▶ What you should do: Return all of the data that follows precisely, leaving every image out.

▶ Dataset section:
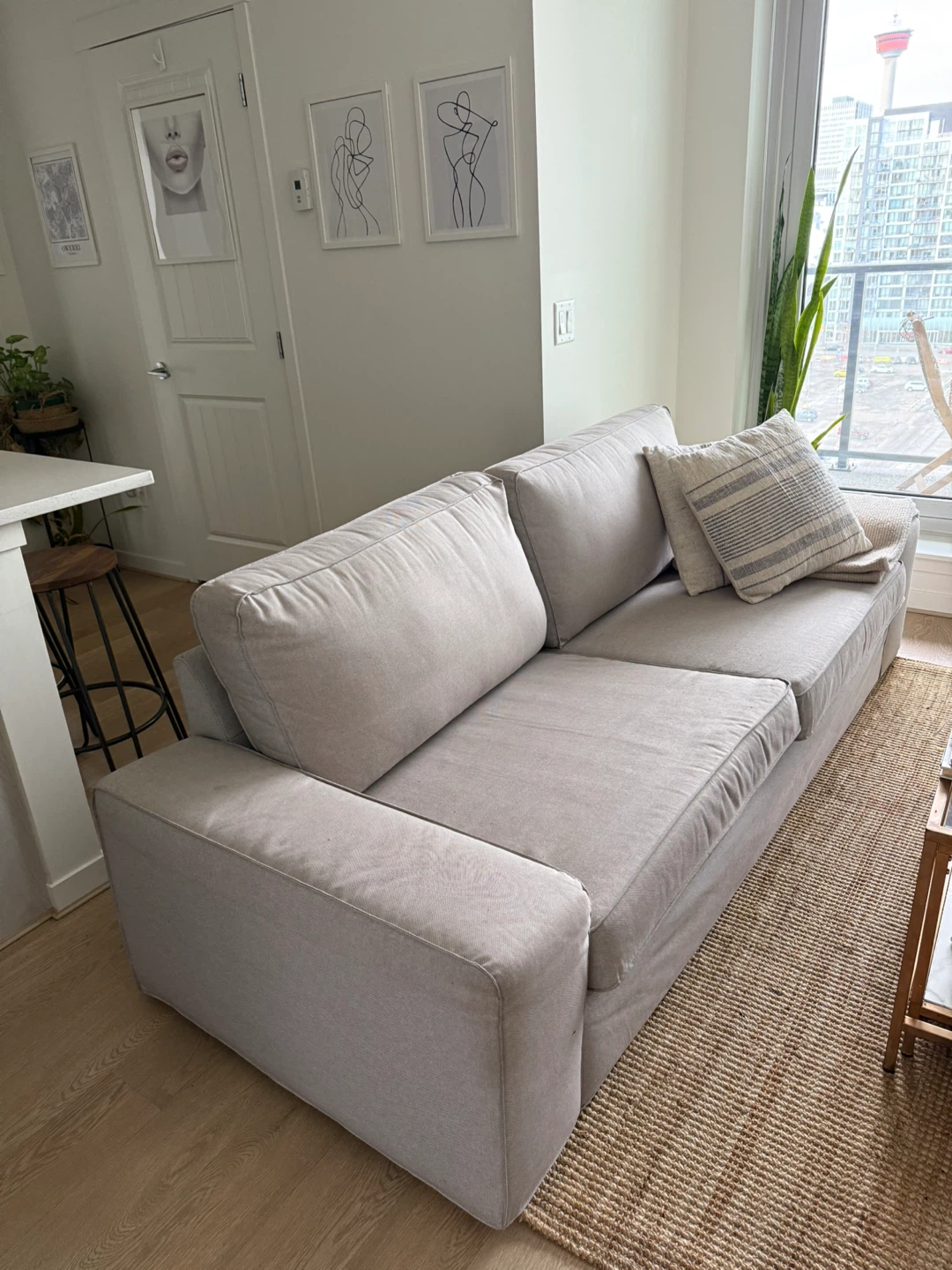 IKEA KIVIK couch - Comfortable Light Grey Sofa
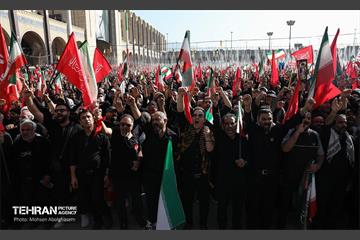 اقامه نماز بر پیکر آقای شهید ایران - 1 54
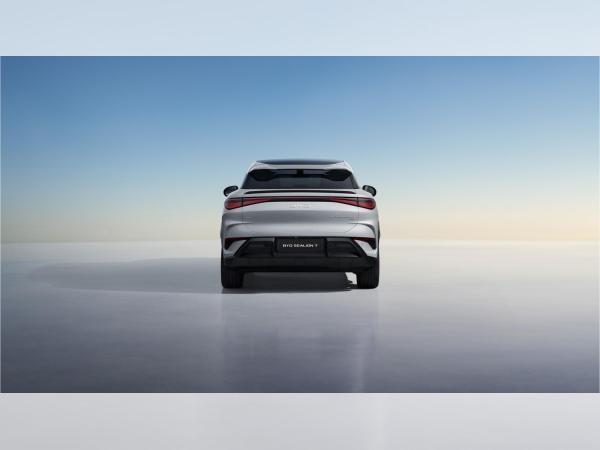 BYD SEALION 7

▶ Solution:
 IKEA KIVIK couch - Comfortable Light Grey Sofa
 اقامه نماز بر پیکر آقای شهید ایران - 1 54
 BYD SEALION 7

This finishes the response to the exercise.